» Task brief
Leave out the pictures and retype exactly the lines from the line with "Cowrie Shell Braiding" through the end of the listing below.

[[ Provided data open ]]

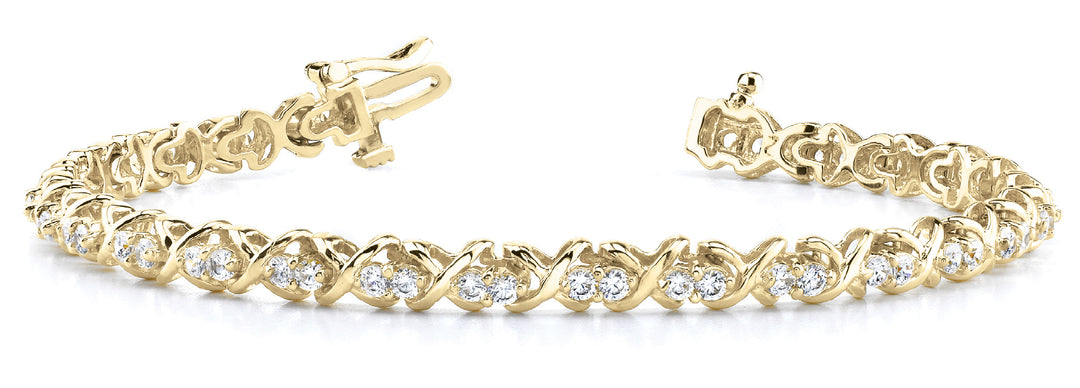 18K Yellow Gold 1.4 CT Diamond Line Bracelet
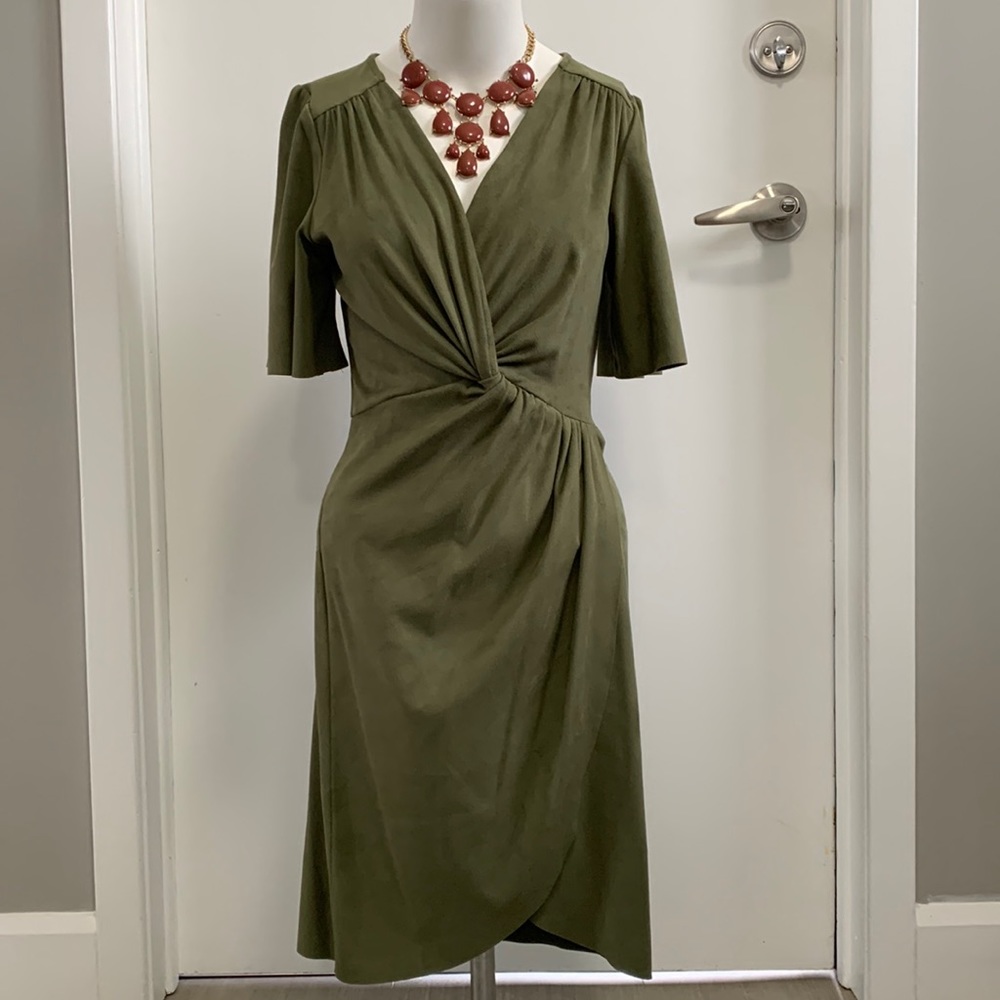 Kensie green suede pullover dress
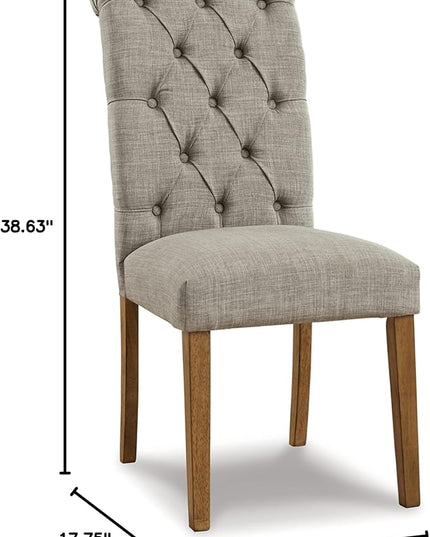 Signature Design by Ashley Harvina French Country Tufted Upholstered Dining Chair, 2 Count, Light Gray - LeafyLoom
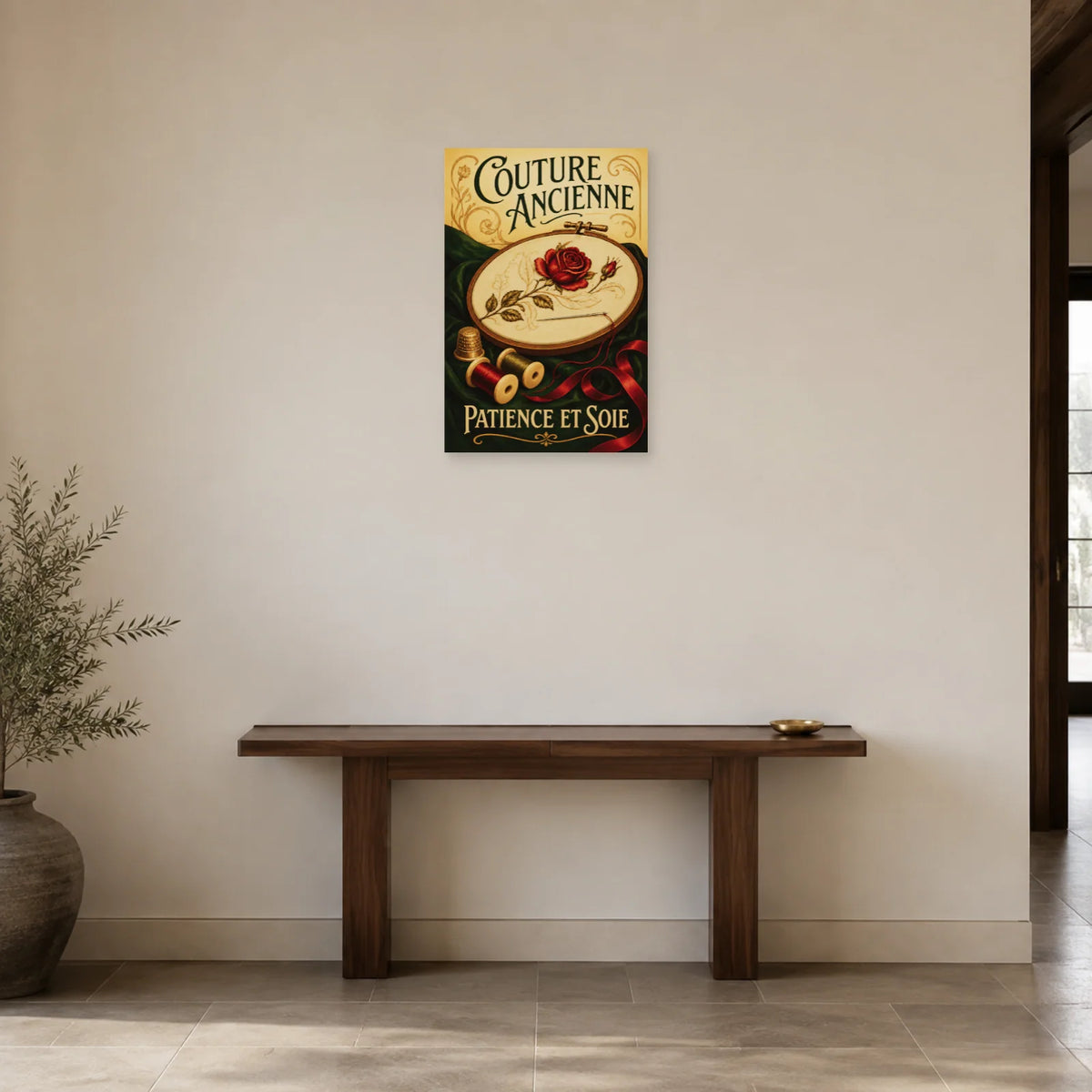 Affiche Couture ancienne, patience et soie dans une entrée ou un couloir - Art Virtuoso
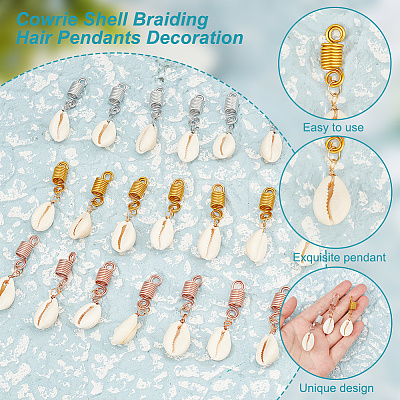 Cowrie Shell Braiding Hair Pendants Decoration OHAR-AB00017-1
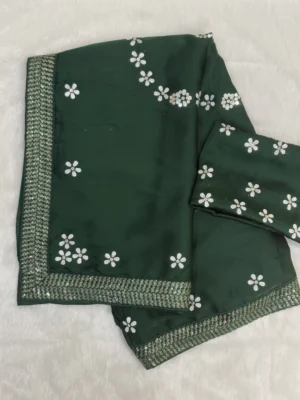 Emerald Elegance Bottle Green Satin Silk Saree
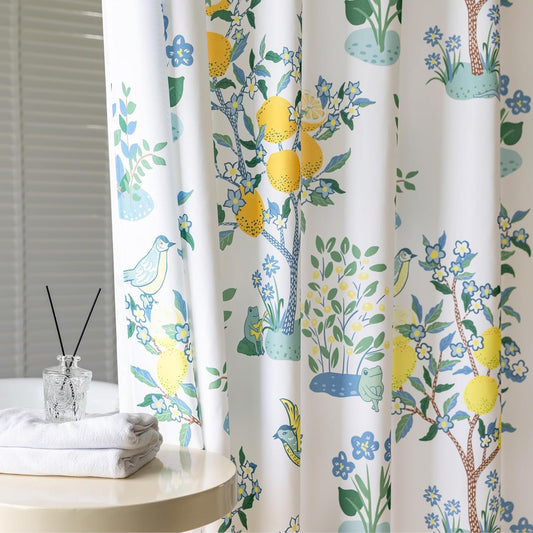 Fun Cute Shower Curtain,Whimsical Frog Colorful Lemon Bright Yellow Blue Cottage Core Eclectic Nature Botanical Floral Bird Cottagecore Summer Coastal Shower Curtains for Bathroom Decor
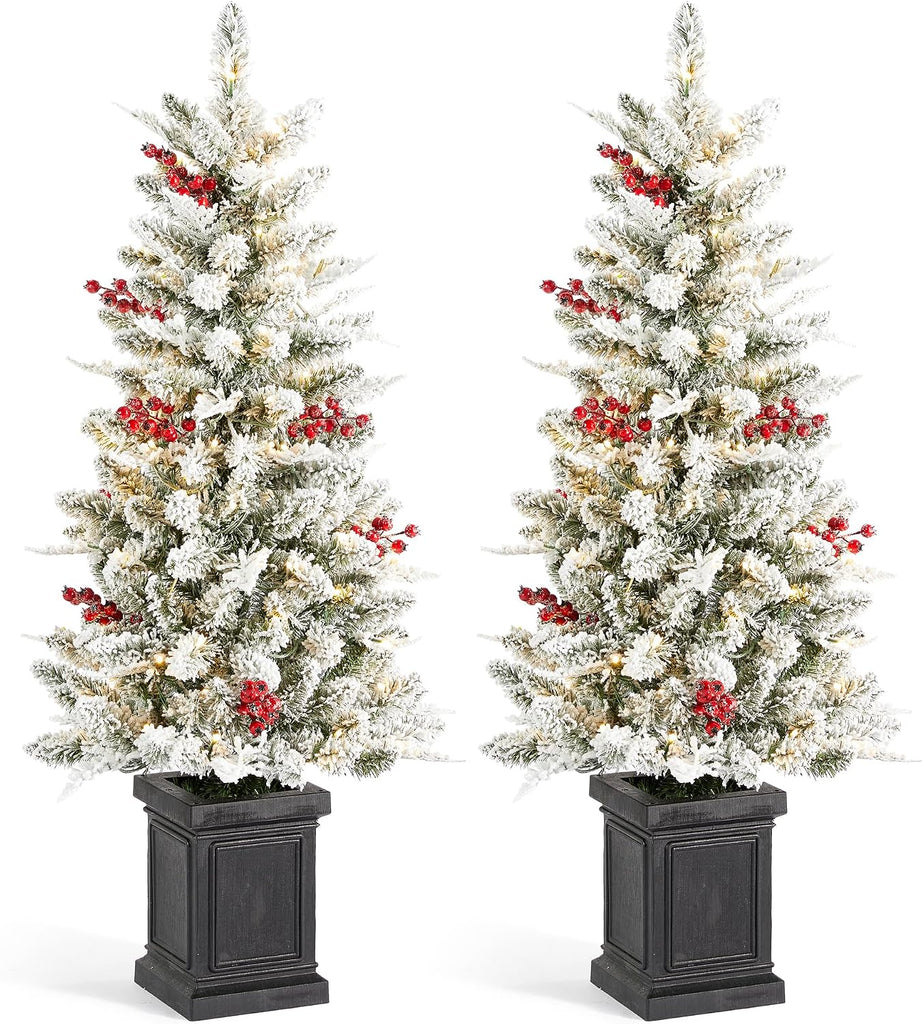 4ft Prelit Christmas Tree Set of 2, Flocked Artificial Christmas Porch Tree with Red Berries and 60 Warm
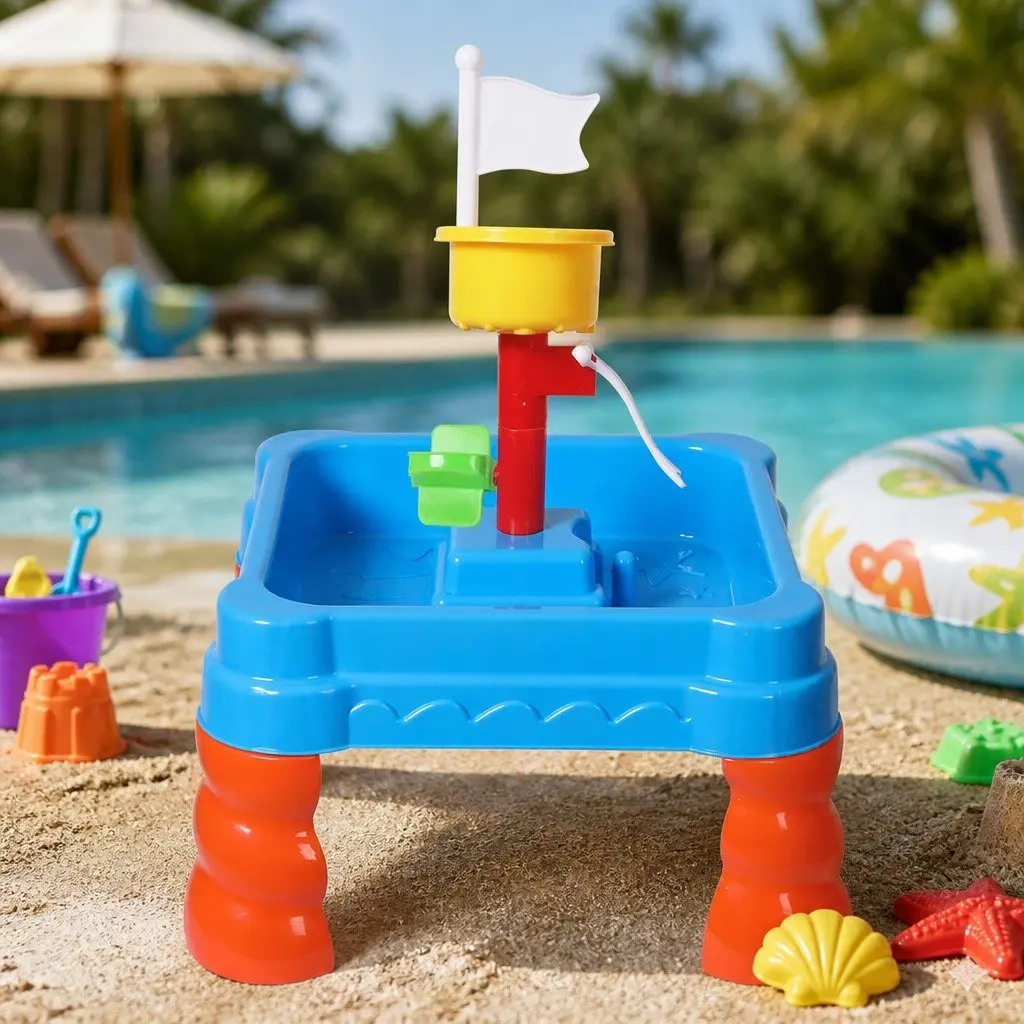 Kids Sand Water Play Table 2-In-1 Activity Toy Set Multi-colour 40cm W x 40cm D x 59cm H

[[ Provided data closed ]]

» Answer section
 Cowrie Shell Braiding Hair Pendants Decoration OHAR-AB00017-1
 Emerald Elegance Bottle Green Satin Silk Saree
 Fun Cute Shower Curtain,Whimsical Frog Colorful Lemon Bright Yellow Blue Cottage Core Eclectic Nature Botanical Floral Bird Cottagecore Summer Coastal Shower Curtains for Bathroom Decor
 4ft Prelit Christmas Tree Set of 2, Flocked Artificial Christmas Porch Tree with Red Berries and 60 Warm
 Kids Sand Water Play Table 2-In-1 Activity Toy Set Multi-colour 40cm W x 40cm D x 59cm H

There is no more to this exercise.